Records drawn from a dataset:
________________________________________
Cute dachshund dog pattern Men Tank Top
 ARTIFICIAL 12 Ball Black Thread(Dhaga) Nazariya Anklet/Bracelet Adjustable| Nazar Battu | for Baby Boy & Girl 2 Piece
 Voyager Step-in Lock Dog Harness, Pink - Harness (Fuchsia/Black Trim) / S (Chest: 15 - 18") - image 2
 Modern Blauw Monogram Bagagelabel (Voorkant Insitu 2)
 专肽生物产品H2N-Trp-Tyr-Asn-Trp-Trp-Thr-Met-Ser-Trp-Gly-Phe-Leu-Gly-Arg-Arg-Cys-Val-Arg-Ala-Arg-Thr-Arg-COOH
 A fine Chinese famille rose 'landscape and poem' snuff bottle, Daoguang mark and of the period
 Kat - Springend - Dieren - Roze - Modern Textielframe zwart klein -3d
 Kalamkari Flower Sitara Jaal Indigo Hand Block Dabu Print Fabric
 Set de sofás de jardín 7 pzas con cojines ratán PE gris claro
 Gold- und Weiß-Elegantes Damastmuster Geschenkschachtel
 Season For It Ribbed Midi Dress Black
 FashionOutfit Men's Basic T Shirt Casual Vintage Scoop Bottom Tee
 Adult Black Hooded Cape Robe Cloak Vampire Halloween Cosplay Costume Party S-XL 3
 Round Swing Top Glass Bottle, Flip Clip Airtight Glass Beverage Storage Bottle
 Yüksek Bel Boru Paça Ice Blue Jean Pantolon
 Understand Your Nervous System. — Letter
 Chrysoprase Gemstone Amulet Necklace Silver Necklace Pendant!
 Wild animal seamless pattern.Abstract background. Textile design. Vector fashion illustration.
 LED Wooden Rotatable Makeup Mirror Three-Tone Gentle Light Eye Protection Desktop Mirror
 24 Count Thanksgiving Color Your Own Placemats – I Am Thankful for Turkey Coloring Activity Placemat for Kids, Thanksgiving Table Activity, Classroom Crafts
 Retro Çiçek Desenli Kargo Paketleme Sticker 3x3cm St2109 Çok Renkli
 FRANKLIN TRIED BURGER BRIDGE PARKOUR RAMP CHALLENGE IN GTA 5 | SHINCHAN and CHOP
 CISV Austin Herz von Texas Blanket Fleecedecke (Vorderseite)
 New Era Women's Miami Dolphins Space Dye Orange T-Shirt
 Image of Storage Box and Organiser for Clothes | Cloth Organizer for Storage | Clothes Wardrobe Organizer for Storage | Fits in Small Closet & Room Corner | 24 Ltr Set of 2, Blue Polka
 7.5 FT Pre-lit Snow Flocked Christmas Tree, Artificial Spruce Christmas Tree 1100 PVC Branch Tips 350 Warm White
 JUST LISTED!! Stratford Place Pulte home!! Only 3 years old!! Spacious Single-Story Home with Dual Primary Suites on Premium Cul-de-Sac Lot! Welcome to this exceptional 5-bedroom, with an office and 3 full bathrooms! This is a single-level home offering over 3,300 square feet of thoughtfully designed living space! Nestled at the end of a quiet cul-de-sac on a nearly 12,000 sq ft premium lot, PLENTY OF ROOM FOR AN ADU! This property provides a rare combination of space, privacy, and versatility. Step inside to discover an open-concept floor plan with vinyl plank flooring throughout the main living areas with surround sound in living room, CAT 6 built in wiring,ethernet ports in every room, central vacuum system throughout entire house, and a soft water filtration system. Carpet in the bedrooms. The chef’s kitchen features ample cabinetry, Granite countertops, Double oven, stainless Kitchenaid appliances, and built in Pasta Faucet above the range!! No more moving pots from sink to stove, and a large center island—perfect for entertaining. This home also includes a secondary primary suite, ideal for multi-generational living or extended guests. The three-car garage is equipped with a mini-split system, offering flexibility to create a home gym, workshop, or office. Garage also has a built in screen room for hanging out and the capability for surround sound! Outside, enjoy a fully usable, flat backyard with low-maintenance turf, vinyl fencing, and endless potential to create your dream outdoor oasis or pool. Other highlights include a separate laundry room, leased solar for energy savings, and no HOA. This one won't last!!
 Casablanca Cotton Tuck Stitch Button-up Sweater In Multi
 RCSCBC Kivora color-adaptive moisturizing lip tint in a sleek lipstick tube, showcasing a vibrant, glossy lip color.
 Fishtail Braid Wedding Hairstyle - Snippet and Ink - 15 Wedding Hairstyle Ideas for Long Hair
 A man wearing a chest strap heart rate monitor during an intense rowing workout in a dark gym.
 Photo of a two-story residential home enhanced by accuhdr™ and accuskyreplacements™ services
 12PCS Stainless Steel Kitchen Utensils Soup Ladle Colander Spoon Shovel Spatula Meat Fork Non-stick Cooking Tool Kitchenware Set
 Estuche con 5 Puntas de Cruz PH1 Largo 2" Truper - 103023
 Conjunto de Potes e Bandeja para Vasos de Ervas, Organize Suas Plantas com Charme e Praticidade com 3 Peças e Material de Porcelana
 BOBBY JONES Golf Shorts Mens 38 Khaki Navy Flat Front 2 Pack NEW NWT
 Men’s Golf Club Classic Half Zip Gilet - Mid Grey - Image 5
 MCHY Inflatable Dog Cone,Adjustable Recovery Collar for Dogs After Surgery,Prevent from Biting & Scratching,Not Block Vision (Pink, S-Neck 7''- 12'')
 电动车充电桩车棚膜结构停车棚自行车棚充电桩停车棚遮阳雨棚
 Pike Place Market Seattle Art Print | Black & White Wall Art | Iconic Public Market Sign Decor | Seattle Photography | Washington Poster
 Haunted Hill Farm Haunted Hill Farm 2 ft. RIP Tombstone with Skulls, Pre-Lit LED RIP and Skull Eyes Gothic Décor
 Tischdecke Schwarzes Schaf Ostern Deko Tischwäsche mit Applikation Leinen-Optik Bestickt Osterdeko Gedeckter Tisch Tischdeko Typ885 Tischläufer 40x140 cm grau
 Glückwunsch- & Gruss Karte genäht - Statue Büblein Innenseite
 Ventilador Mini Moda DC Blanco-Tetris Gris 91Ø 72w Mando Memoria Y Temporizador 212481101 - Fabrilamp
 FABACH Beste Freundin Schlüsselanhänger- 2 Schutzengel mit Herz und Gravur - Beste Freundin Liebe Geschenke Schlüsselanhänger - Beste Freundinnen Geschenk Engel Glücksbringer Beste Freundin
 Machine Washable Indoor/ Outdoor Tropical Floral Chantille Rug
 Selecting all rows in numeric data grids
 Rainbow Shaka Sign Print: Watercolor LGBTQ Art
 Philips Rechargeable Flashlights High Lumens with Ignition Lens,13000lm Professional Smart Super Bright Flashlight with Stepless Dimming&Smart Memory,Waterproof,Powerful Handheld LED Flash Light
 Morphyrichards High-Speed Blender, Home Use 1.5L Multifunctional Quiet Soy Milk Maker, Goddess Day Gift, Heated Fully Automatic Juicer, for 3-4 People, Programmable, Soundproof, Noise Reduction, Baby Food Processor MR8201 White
________________________________________
● WHAT TO DO
Out of the data above, give again only the lines starting at the one holding "A man wearing" and ending at the one holding "12PCS Stainless Steel", unchanged.

● RESULT FOR THIS EXERCISE
 A man wearing a chest strap heart rate monitor during an intense rowing workout in a dark gym.
 Photo of a two-story residential home enhanced by accuhdr™ and accuskyreplacements™ services
 12PCS Stainless Steel Kitchen Utensils Soup Ladle Colander Spoon Shovel Spatula Meat Fork Non-stick Cooking Tool Kitchenware Set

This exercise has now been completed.